__GOAL OF THE EXERCISE__
Down to the last line, restate the records word for word, but not the pictures.

__Captioned web images__
>>>
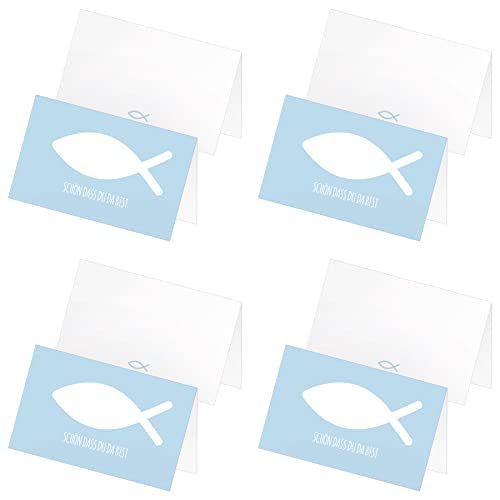 itenga 96 x Tischkarten Platzkarten Namensschild Fisch Kommunion Taufe Konfirmation Jungen Mädchen (himmelblau) von itenga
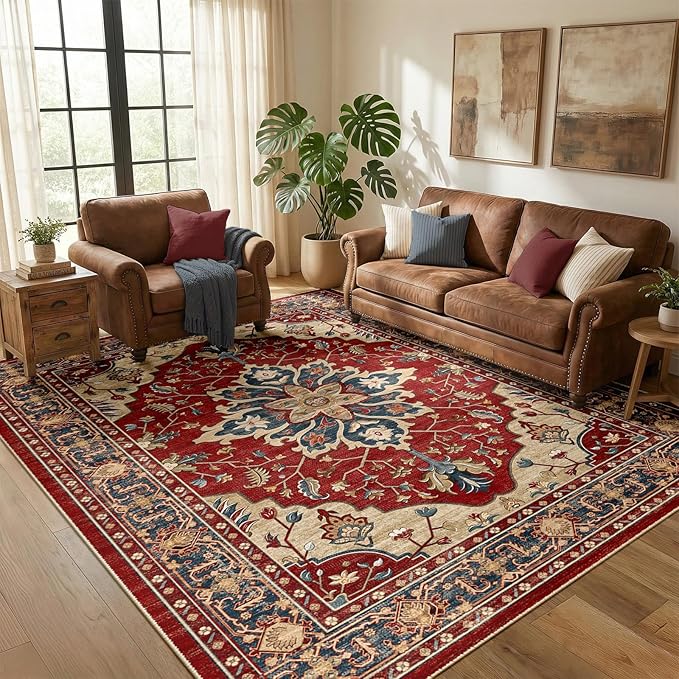 RELEANY Area Rugs 5'x7' Washable Non-Slip, Floral Vintage Distress Print by RELEANY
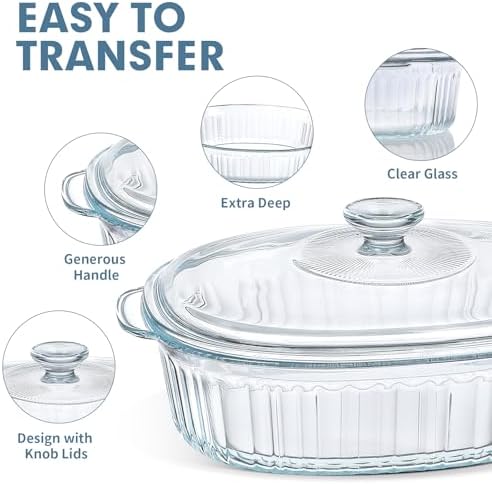 M MCIRCO 4-Piece Glass Casserole Set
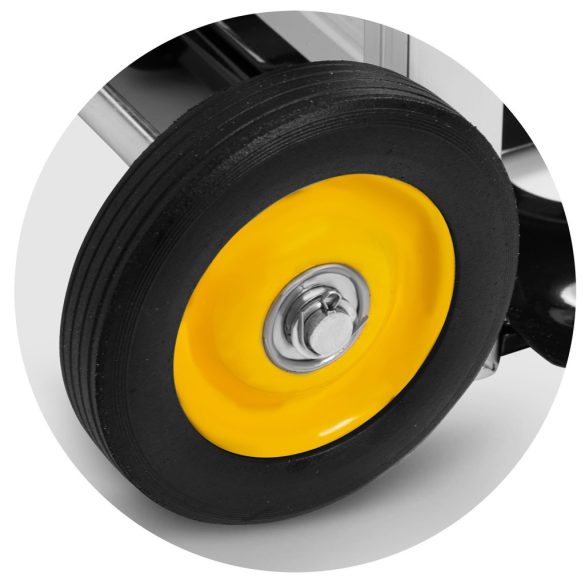 Molnárkocsi, Humberg HM-508, ezüst, acél váz, 90 kg teherbírás, összehajtható, állítható magasság (70–108 cm), tömör kerekek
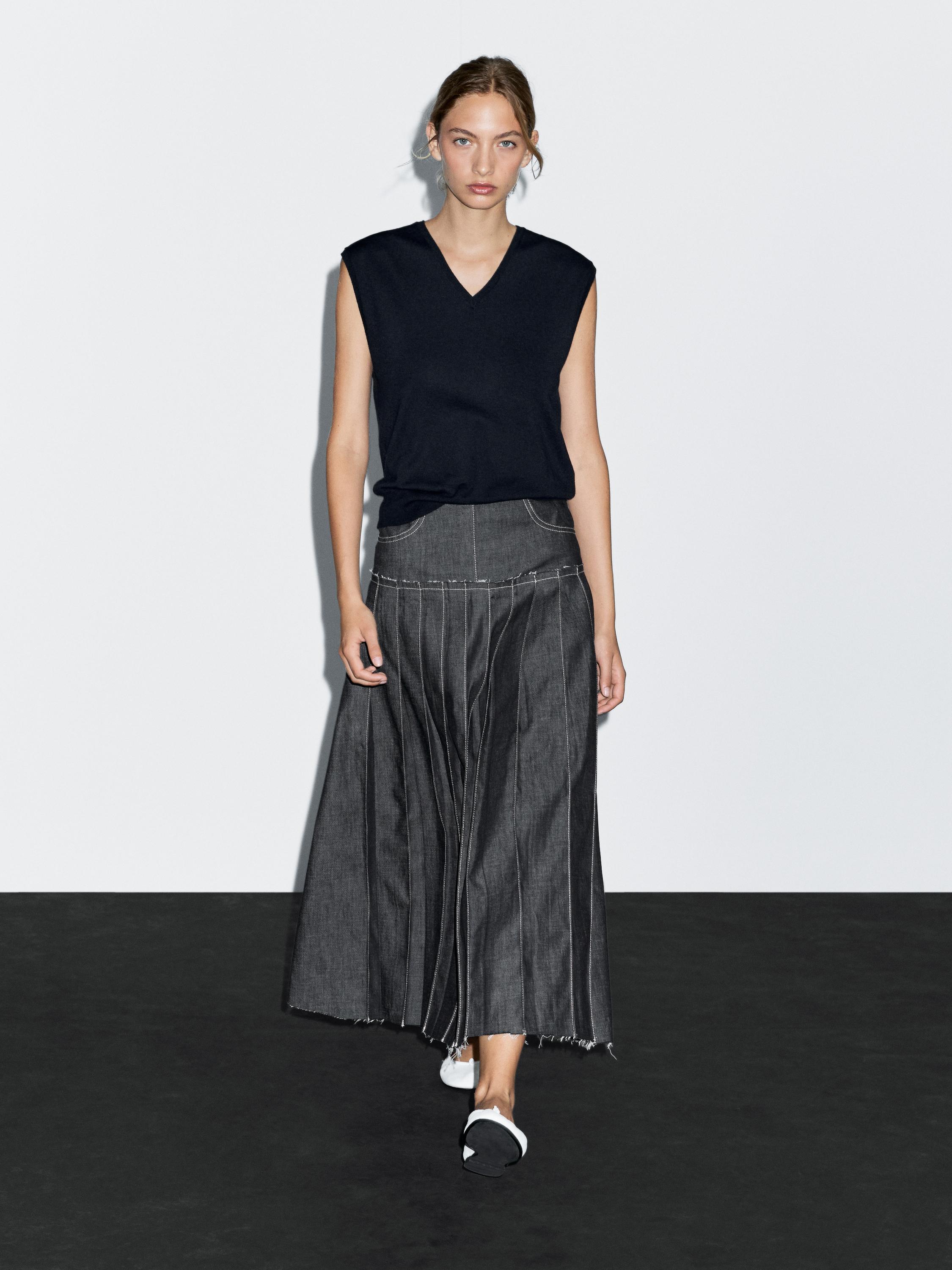 Jupe midi denim plissée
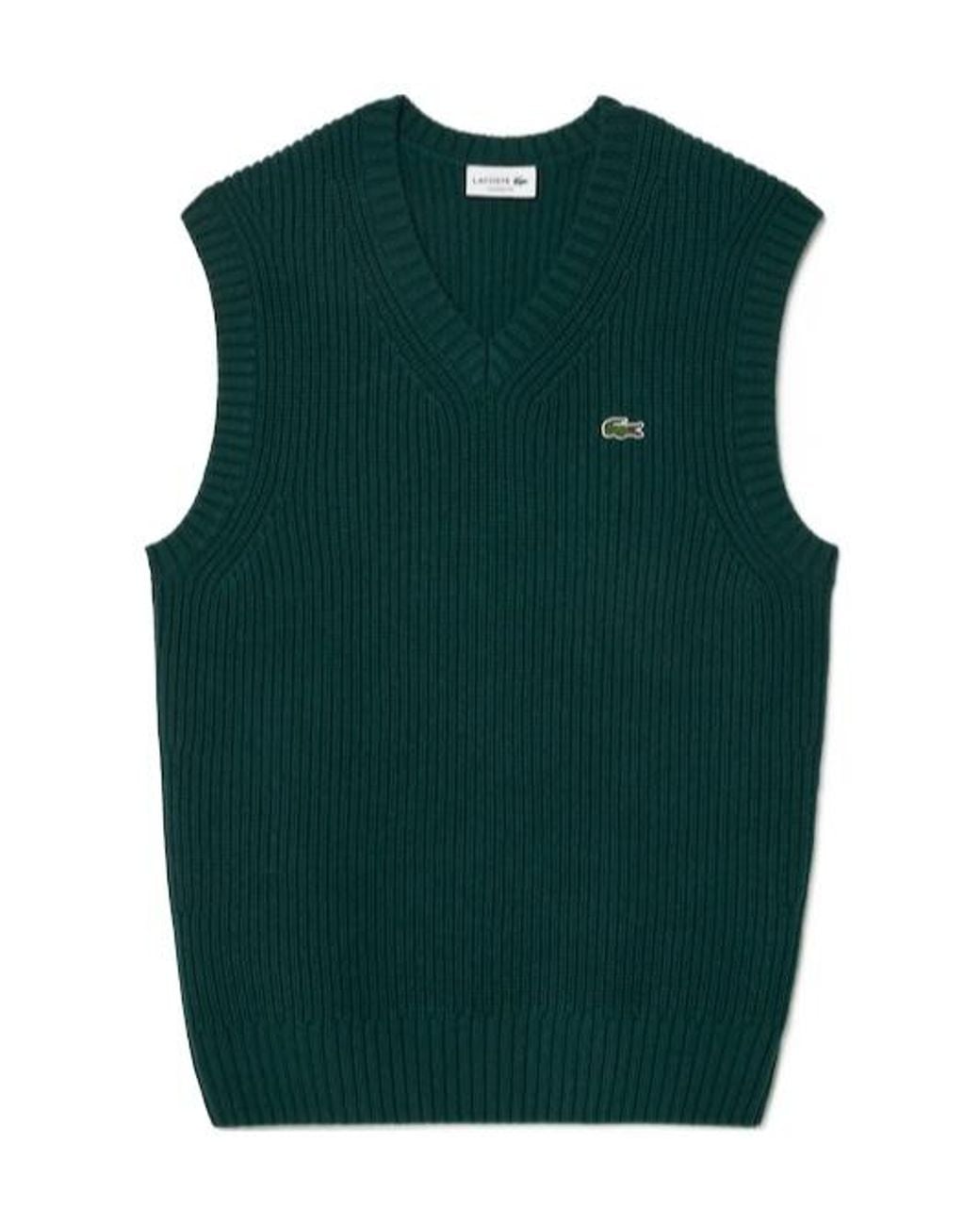 Lacoste Green Sleeveless Wool Vest for men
<<<
__RESPONSE BOX__
 itenga 96 x Tischkarten Platzkarten Namensschild Fisch Kommunion Taufe Konfirmation Jungen Mädchen (himmelblau) von itenga
 RELEANY Area Rugs 5'x7' Washable Non-Slip, Floral Vintage Distress Print by RELEANY
 M MCIRCO 4-Piece Glass Casserole Set
 Molnárkocsi, Humberg HM-508, ezüst, acél váz, 90 kg teherbírás, összehajtható, állítható magasság (70–108 cm), tömör kerekek
 Jupe midi denim plissée
 Lacoste Green Sleeveless Wool Vest for men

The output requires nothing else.